§ Records provided
---+---
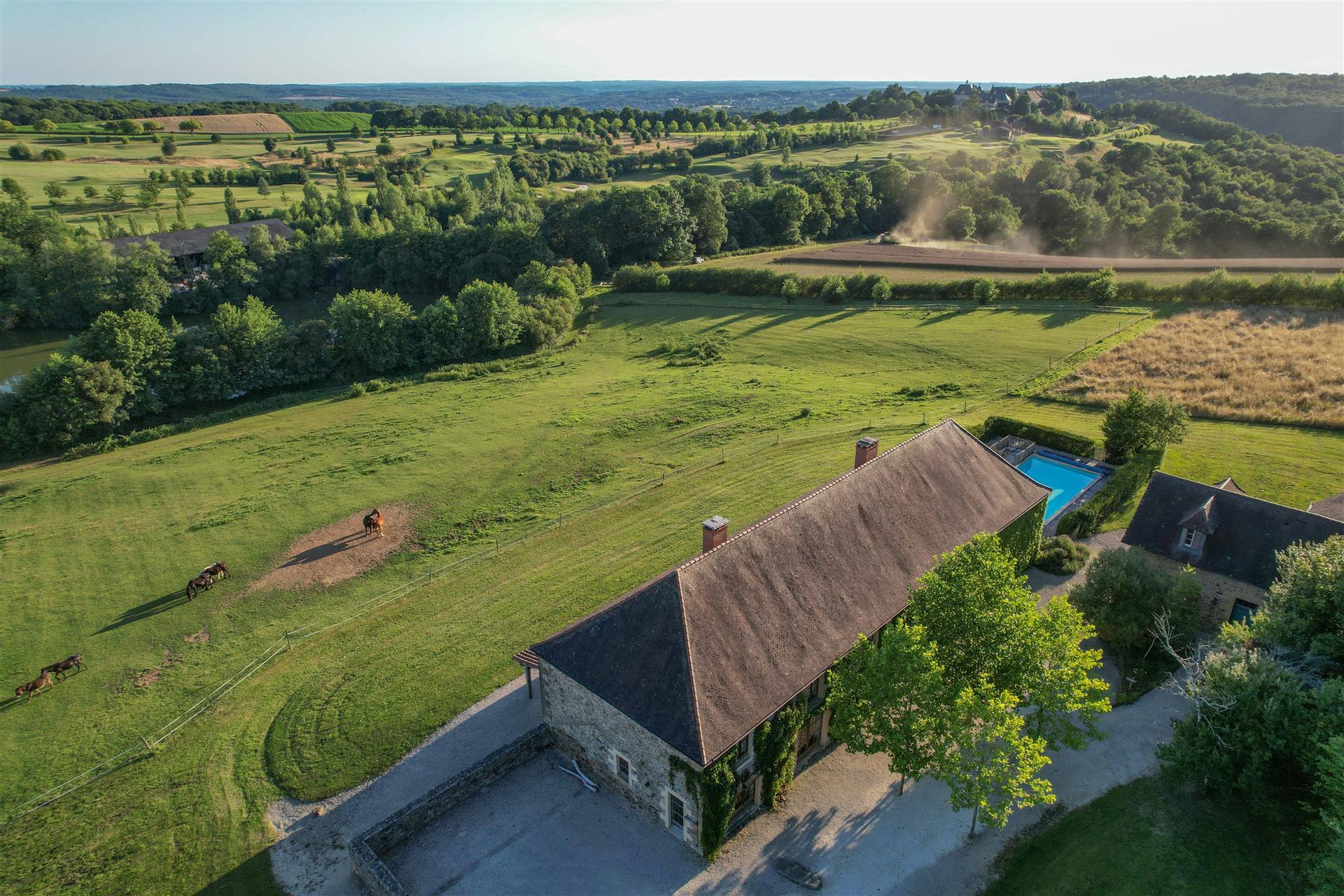 Casa rural en granero renovado en Périgord con vistas al golf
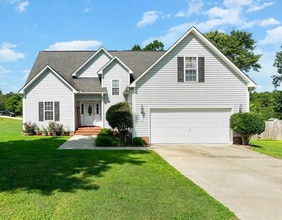 Building Photo - NEW LISTING!!!!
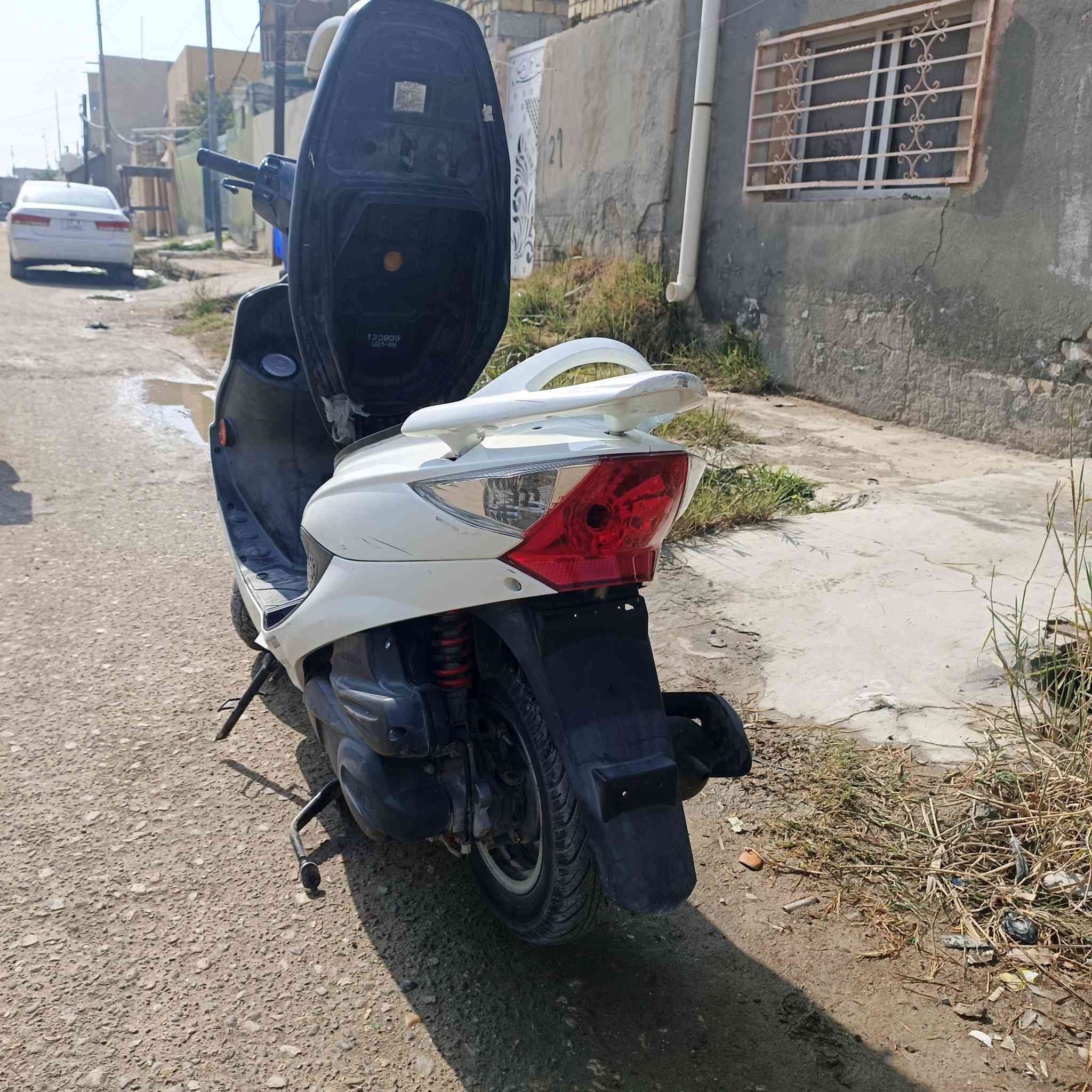 سلام عليكم دراجه كامكو بوليس موديل 2014 دراجه رمبه  مكفوله من كلشي مكينه كهربائيات السعر 800 الف وبيها مجال للطيبين ***********الرقم
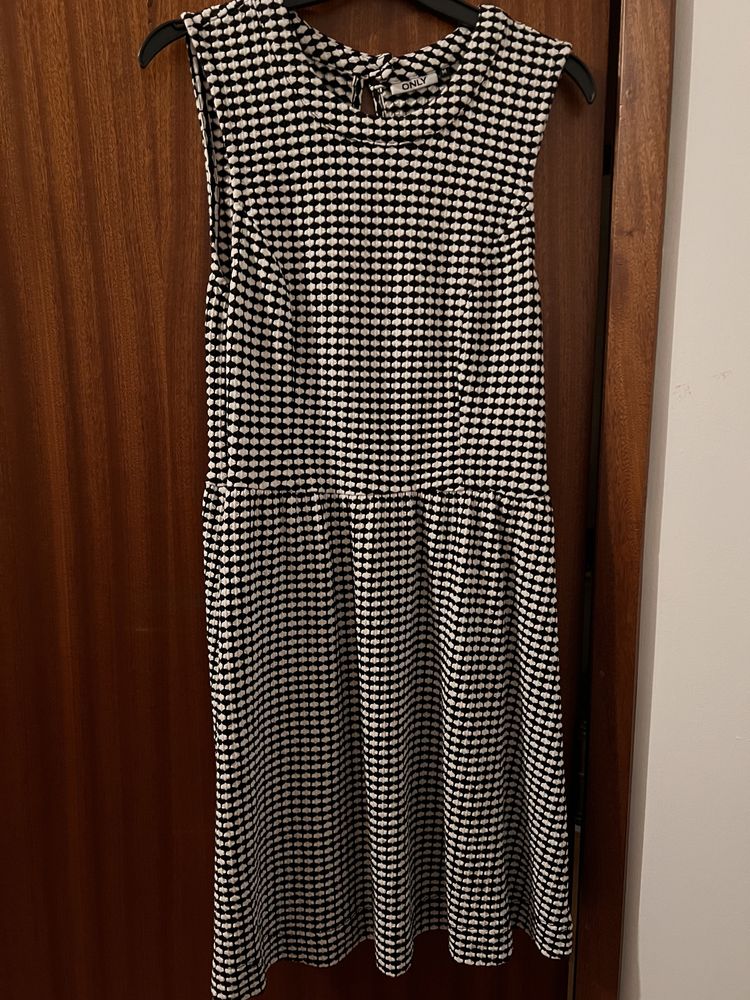 Vestido Only Preto e Branco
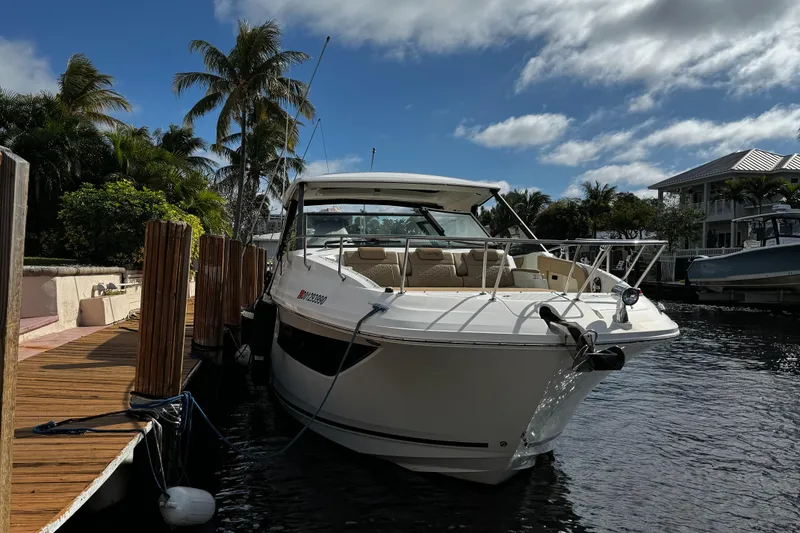 Slide: The Image of Sea Ray Sundancer 320 2019 - 14
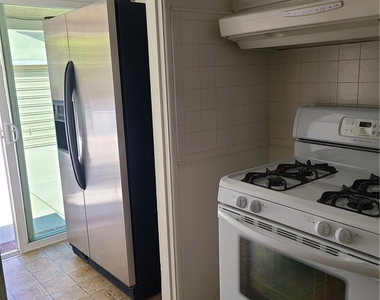 10421 Margate Street - Photo Thumbnail 5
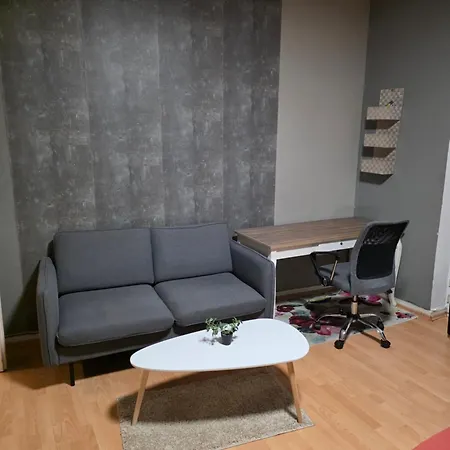 شقة Macfewo Im Zentrum Von - Sleep Frisch Renoviert ماين
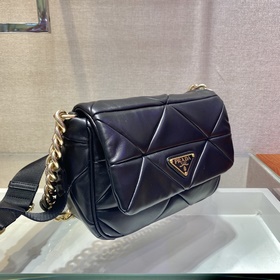 Prada Новая модель «три в одном» Артикул： 1BD292 Овечья кожа Эта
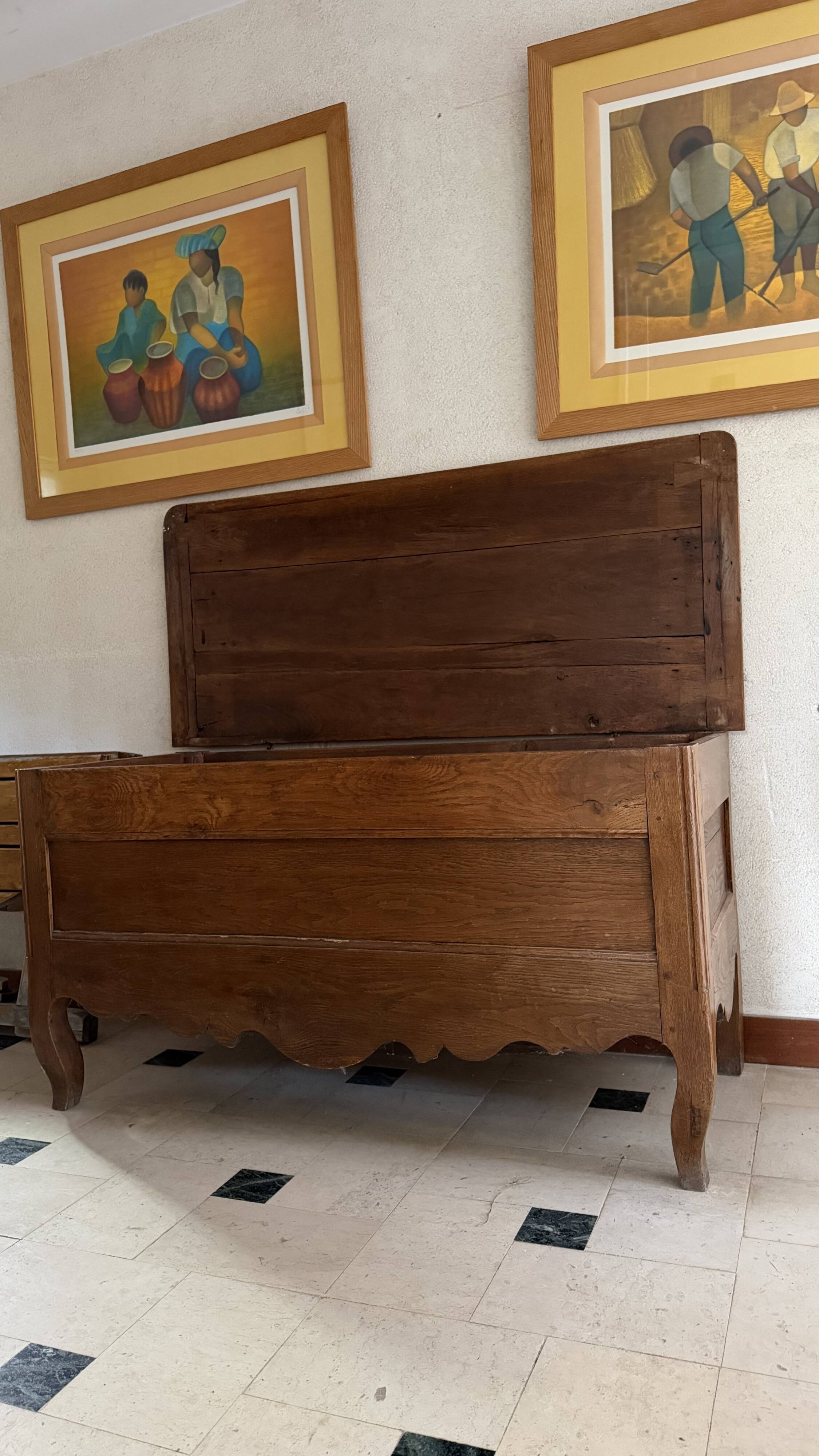Ancien, coffre en chene massif – ideal deco campagne et maison de caractère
---+---
§ Task description
Return the material from above in full, exactly as written, with the pictures omitted.

§ Response area
 Casa rural en granero renovado en Périgord con vistas al golf
 Building Photo - NEW LISTING!!!!
 سلام عليكم دراجه كامكو بوليس موديل 2014 دراجه رمبه  مكفوله من كلشي مكينه كهربائيات السعر 800 الف وبيها مجال للطيبين ***********الرقم
 Vestido Only Preto e Branco
 Slide: The Image of Sea Ray Sundancer 320 2019 - 14
 10421 Margate Street - Photo Thumbnail 5
 شقة Macfewo Im Zentrum Von - Sleep Frisch Renoviert ماين
 Prada Новая модель «три в одном» Артикул： 1BD292 Овечья кожа Эта
Ancien, coffre en chene massif – ideal deco campagne et maison de caractère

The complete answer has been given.